A deep learning model with machine vision system for recognizing type of the food during the food consumption

Table of Contents

Data collection

Collecting food product samples is essential for creating effective management systems that impact health and the environment. To address obesity, accurate data and intelligent systems are needed to ensure adequate food supply, reflecting the diverse cultural practices of different civilizations^17,18.

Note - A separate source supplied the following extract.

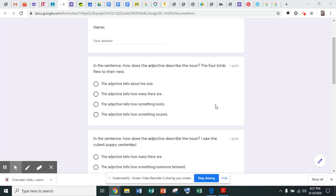So how does the adjective in that sentence describe the noun? The adjective tells about the size, the adjective tells how many there are, the adjective tells how something looks, or the adjective tells how something sounds.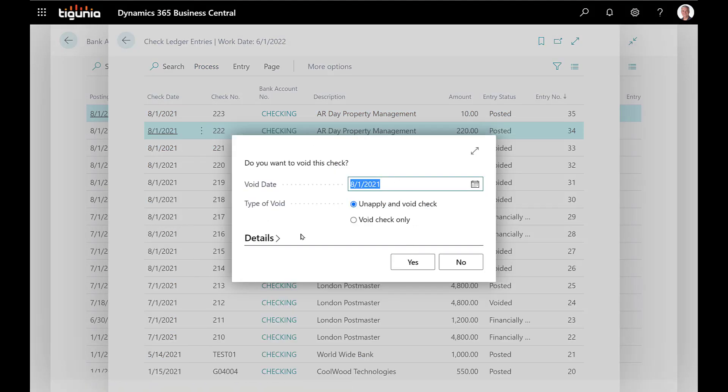You'll get this options screen here which along with the void check date or the void date, it'll give you an option of how you want to void that check. Do you just want to void the check, or do you also want to void the check and unapply it? The difference between the two is that when you void the check it just voids the check and leaves that payment open on the vendor ledger entry but it does not reopen the underlying invoice. If you unapply and void check, then not only does it void the check but it also unapplies the payment from the original invoice and reopens that original invoice, and we'll see that here in just a minute.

In this study, a diverse data set was constructed featuring various popular foods from across Iran, which is known for its rich culinary culture. Selecting specific food items from 32 provinces proved to be quite challenging due to the vast array of delicious options available. The chosen foods reflect the interests and opinions of the public, cultural significance, and their prevalence in restaurants, hospitals, and university canteens, as well as insights from nutritionists. A total of 32 different types of foods were prepared, each representing various ingredients and preparations from all the provinces. To account for regional variations, samples of each dish were collected from different locations, including home cooks, restaurants, and canteens, since recipes can vary significantly. Ultimately, 16 primary food classes were selected, and an additional 16 products were included to enhance the data set’s potential for training a model capable of recognizing food during consumption. After this selection process, images and videos of the prepared dishes were captured under diverse conditions, including varying angles, backgrounds, and lighting. This comprehensive data set, reflecting different recipes and settings, was designed to train deep learning algorithms effectively, thus enhancing the potential for real-time food recognition in practical applications. In Fig. 2, several examples of selected food products are presented, which were extracted from videos. This showcases a variety of backgrounds, illustrations, angles, and distances used in this investigation to provide information about the morphology of the foods.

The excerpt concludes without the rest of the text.